Bitcoin Price: Cryptocurrency Investors See Red As Market Value Drops:
Crypto investors are waking to sea of red this morning as the entire market took an absolute hammering overnight for the second time in just a few weeks.
The price of bitcoin fell sharply on overnight, approaching a dreaded $US30,000 ($A38,800) threshold it has not crossed since January and dragging other cryptocurrencies in its wake.
At around 2am, bitcoin fell 8.6 per cent to a value of $US31,501 ($A40,715), a level not seen since mid-May, when the volatile cryptocurrency temporarily lost 30 per cent in one session.
The second-largest cryptocurrency, ethereum, lost 11.2 per cent of its value, falling to $US2361 ($A3051).
Bitcoin's value has recovered slightly since the drop, rising to $US33,738 ($A43,606) at around 7am today – but, across the board, almost all of the smaller cryptos have been battered overnight.
[...] No concrete reason appeared to explain the price drop on Tuesday, but some analysts pointed to the seizure of $2.3 million ($A3 million) worth of bitcoin belonging to the Darkside hackers by US authorities as a possible factor.
[...] The US managed to recover almost all the bitcoin ransom paid to the perpetrators of the cyber attack on the Colonial Pipeline last month.
[...] It is being seen as a sign that law enforcement is capable of pursuing online criminals even when they operate outside the nation's borders – and, crucially, that crypto isn't beyond government control.
(Score: 3, Interesting) by Anonymous Coward on Wednesday June 09 2021, @04:52PM (2 children)
1) The feds can break non-quantum cryptography.
2) The attackers are profoundly stupid and moved the funds into an exchange that responds to court orders, or directly into a wallet compromised by the feds.
3) The feds WERE the attackers and staged this event to intimidate crypto users into using more conventional and easily controlled monetary systems.
(Score: 0) by Anonymous Coward on Wednesday June 09 2021, @06:37PM
#3 is probably not the case. There were real-world consequences for the attack. It made major headlines, and cost US citizens millions.
Now it's not impossible that the US government would do a false-flag operation here. The https://en.wikipedia.org/wiki/Gulf_of_Tonkin_incident [wikipedia.org] shows that such things are not impossible... although in that case it seems like confusion and then intentional misrepresentation after the fact, rather than premeditated maliciousness.

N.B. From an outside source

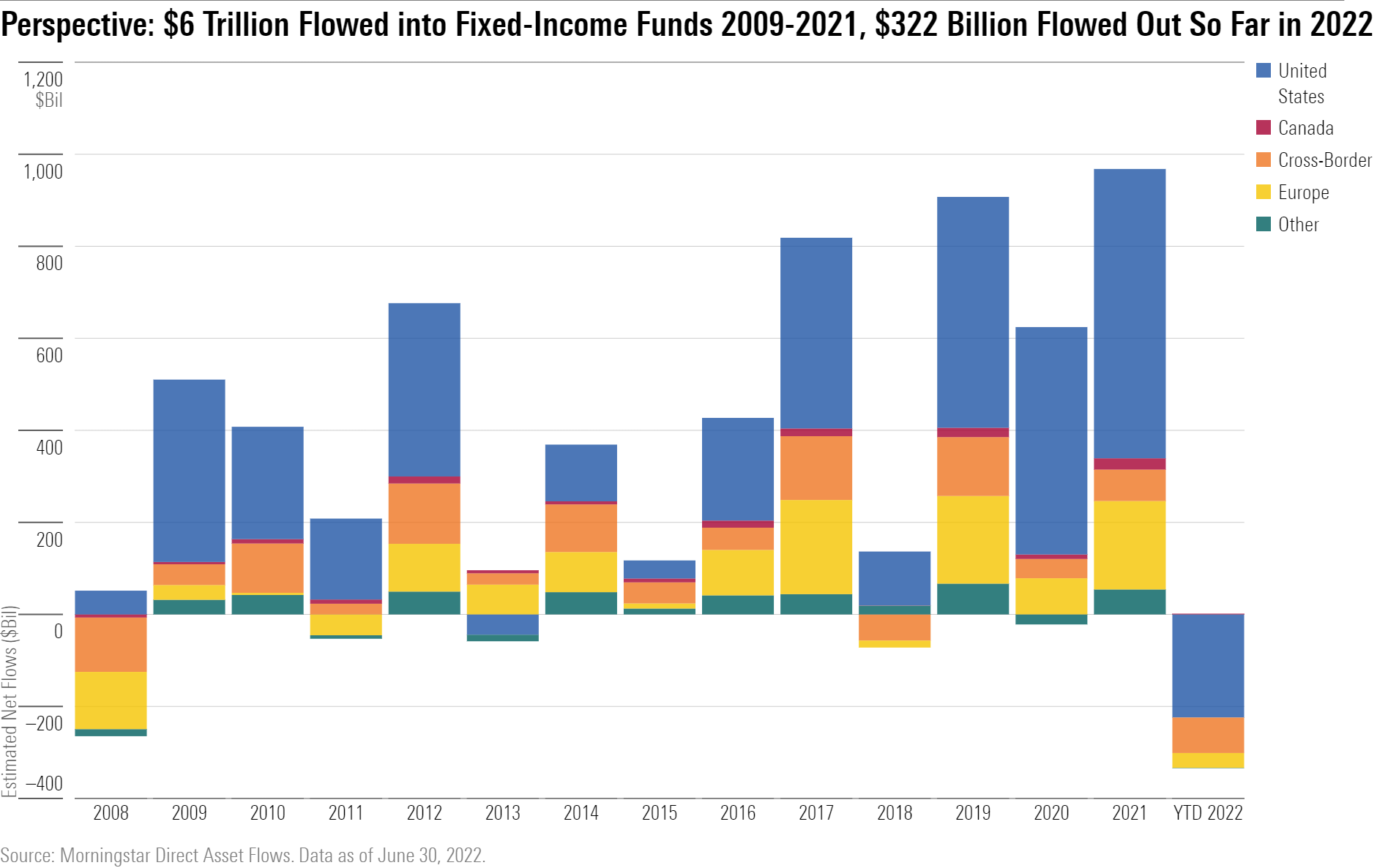 $6 Trillion Flowed into Fixed Income 2009-2021 $322 Billion Flowed Out So Far in 2022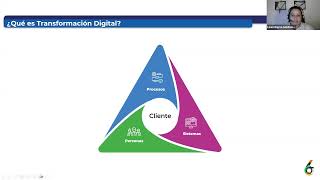 Agile y Transformación Digital Cómo Acelerar tu Roadmap al Éxito [upl. by Corbet]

It would be quite the gutsy administrator who would sign off on this operation, especially for such a nebulous end-goal like "intimidate potential future attackers."
(Score: 0) by Anonymous Coward on Wednesday June 09 2021, @06:39PM
4) The funds moved into an account kept by a US-based entity like coinbase or whatever and the feds used their normal "we are seizing these assets" approach to get the private key of the account and put the 'thumbscrews' on that wallet-keeper.
I think this one is the most probable.